# Task goal:
The pictures must be left out, while the rest of the data is copied exactly.
################
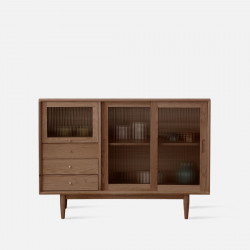 DOLCH Sideboard, L130, Walnut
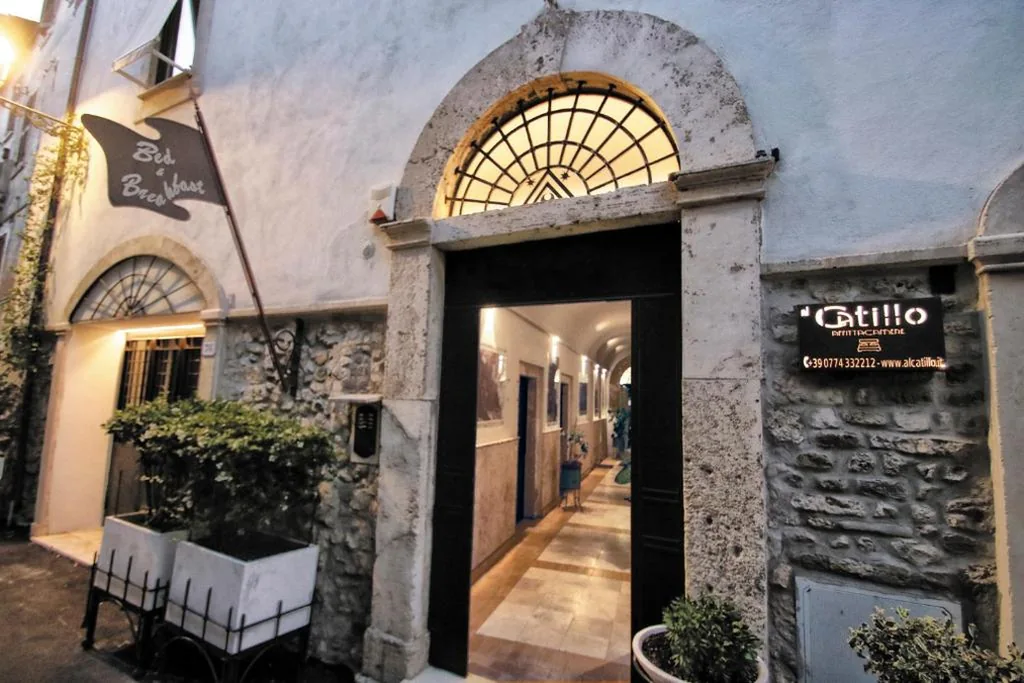 B&B Al Catillo 1600, dimora storica nel centro di Tivoli
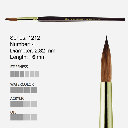 ESCODA Reserva Kolinsky-Tajmyr Round Brush 4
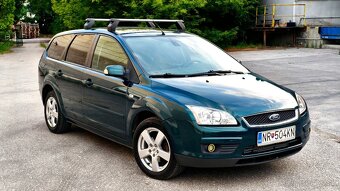 Ford Focus Combi 1.6 TDCI Nová STK Ghia - 2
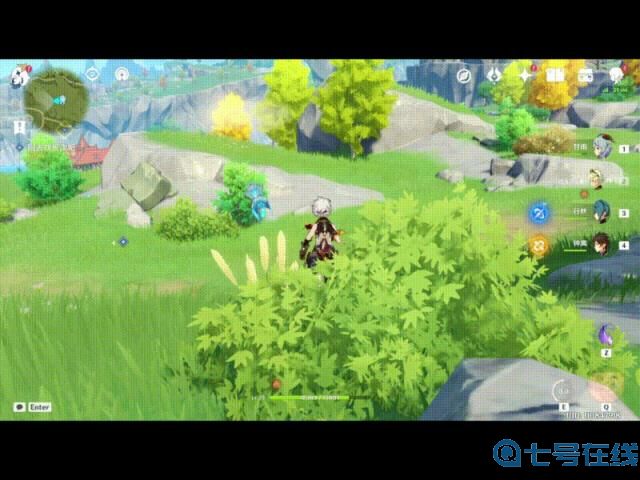 原神手游|关于e技能摔跤的问题图片3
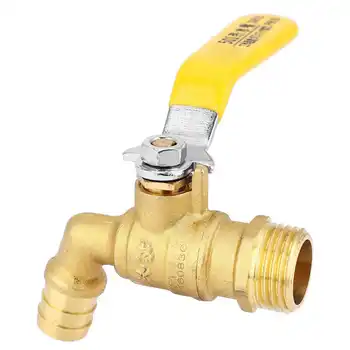 Pipe connection Household Brass Water Tap G1/2in Thread Single Direction Manual Controlled Faucet
Pipe connection Household Brass Water Tap G1/2in Thread Single Direction Manual Controlled Faucet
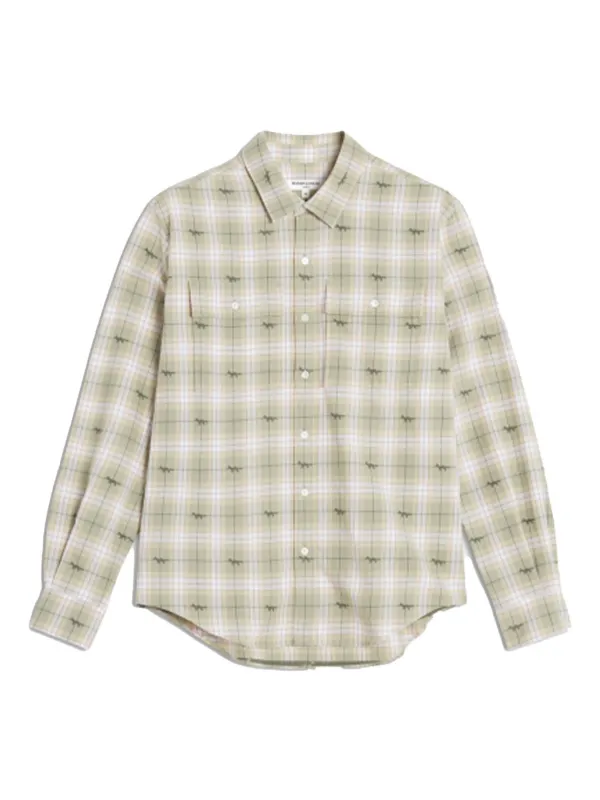 【新品】MAISON KITSUNE チェック柄トップス Maison Kitsune｜メゾンキツネ（レディース）のトップス（チェック柄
################
# Exercise response:
 DOLCH Sideboard, L130, Walnut
 B&B Al Catillo 1600, dimora storica nel centro di Tivoli
 ESCODA Reserva Kolinsky-Tajmyr Round Brush 4
 Ford Focus Combi 1.6 TDCI Nová STK Ghia - 2
 原神手游|关于e技能摔跤的问题图片3
 Pipe connection Household Brass Water Tap G1/2in Thread Single Direction Manual Controlled Faucet
Pipe connection Household Brass Water Tap G1/2in Thread Single Direction Manual Controlled Faucet
 【新品】MAISON KITSUNE チェック柄トップス Maison Kitsune｜メゾンキツネ（レディース）のトップス（チェック柄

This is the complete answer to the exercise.